Accompanied by the tolling of a fire bell struck three times by Fire Marshal Madison Drew, SFD Tower 360 raised a large American flag over N. Howe Street in front of the fire department at 8:46 am, the time when American Airlines Flight 11 was flown into the north tower of the World Trade Center (WTC). Tower 361, parked opposite from Tower 360, unfurled a U.S. flag at 9:03 am, also accompanied by three strikes of the fire bell, at the same time that United Airlines Flight 175 crashed into the south tower of the WTC.
SFD Chief Charles A. Drew opened the ceremony at 9 am, followed by an invocation given by Fire Department Chaplain Rodney Cox. Fire Marshal Drew then sang a moving a cappella rendition of the National Anthem. Southport Mayor JP Hatem welcomed those in attendance, and Southport Police Department Chief Todd Coring provided a tribute to the 60 law enforcement officers killed in the line of duty on 9/11.
Chief Drew reflected on the fallen firefighters and EMS workers and explained the significance of the boots.
“I remember seeing pictures of the empty shoes at fire stations that they never returned to,” Drew said. “Today, there are 343 [pairs of] empty boots here representing the lives of those heroic men and women.

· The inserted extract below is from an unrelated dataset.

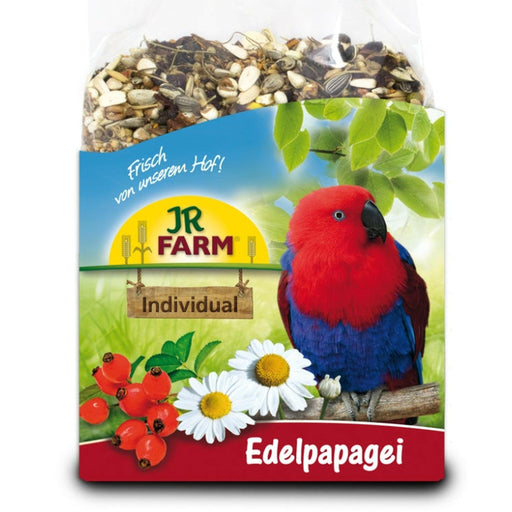 JR Farm Birds Premium Premium Edelpapagei 950g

As we look at these empty boots, let us never forget our hearts are not empty, but we carry their memory, their service, their commitment, their bravery and dedication with us each time the alarm sounds.”

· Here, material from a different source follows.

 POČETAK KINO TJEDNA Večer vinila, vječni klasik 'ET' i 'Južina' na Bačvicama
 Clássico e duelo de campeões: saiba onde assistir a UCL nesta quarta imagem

Chief Drew acknowledged the continuing risk and sacrifices made by first responders today, saying, “My faith in humanity is renewed each day when I hear the call for help given, and our first responders are ready to serve, still not knowing what their fate may be or if they will return home safe.”

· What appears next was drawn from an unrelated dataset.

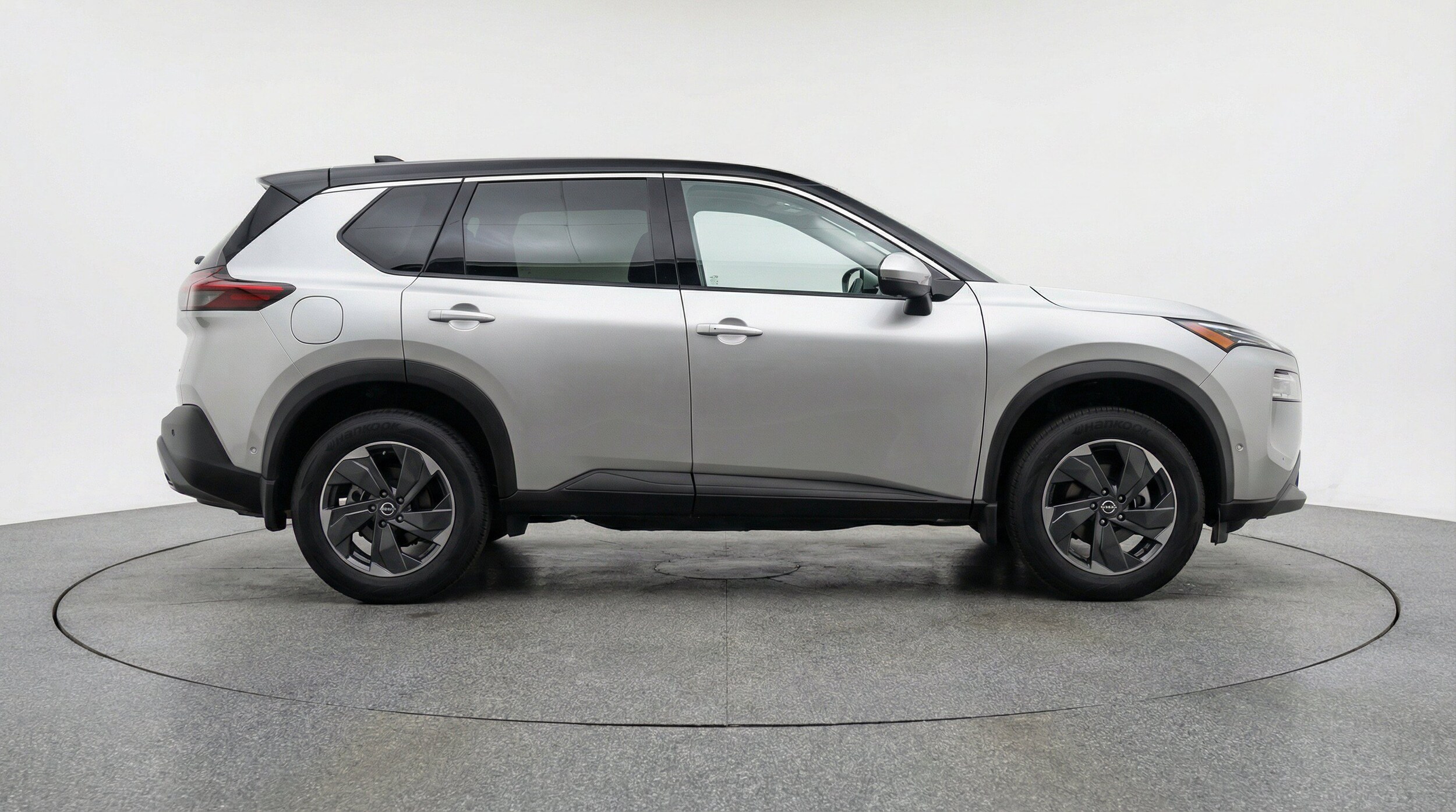 Thumbnail: 2025 Nissan Rogue - 11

Before the ceremony began, SFD Firefighter Chris Geho, who was in fifth grade on 9/11, remembered, “They would not let us see what the grownups were watching. I snuck into the library and watched it anyway. I thought it was a movie.”
He explained that remembering the fallen from 9/11 makes him angry. “9/11 could have been prevented. People knew things [about terrorist threats] before and they should have been planned for. That’s what I like about the fire service: We’re always planning in advance for the worst to happen, so we are prepared to respond when it does.”
SFD Firefighter Joshua Creech, who was born after the events of 9/11 occurred, said that he always thinks about his firefighter brothers and sisters that gave the ultimate sacrifice. He was bothered by one thing, though: “My teachers never spent an entire day studying the events of 9/11 in school. At best, there was a very brief mention. I think that an entire day should be spent teaching and discussing how this happened and how it changed our country.”
After Chief Drew’s remarks, a wreath was laid, the fire bell was tolled and “Taps” was performed by Fire Marshal Madison Drew on the bugle. Chief Drew thanked the sponsors, and Fire Department Chaplain Rodney Cox closed the ceremony with a benediction.
A U.S. flag was lowered on the front of the fire department building at 9:37 am, the same time that American Airlines Flight 77 crashed into the Pentagon. Another flag was unfurled on the fire department building at 10:03 am to mark the time that United Airlines Flight 93 was crashed into a field in Shanksville, Pennsylvania. Courageous, unarmed passengers, alerted by cell phone to the other terrorist attacks of that morning, attempted to wrest control of the aircraft from the hijackers to prevent it from being used as a weapon. They were successful.
Bystander Christopher Martin, retired after 27 years as an Ohio police officer, said that he has been at 9/11 ceremonies for 20 consecutive years since 9/11 and that Southport’s was “outstanding.”
When he reflects upon those terrorist attacks, he said that it makes him “scared” for his family, the very same feelings that he experienced on 9/11.
Chief Drew’s closing remarks echoed the thoughts of so many on this date: “To our fallen brothers and sisters, we will never forget. God Bless their families, and God Bless this Great United States of America.”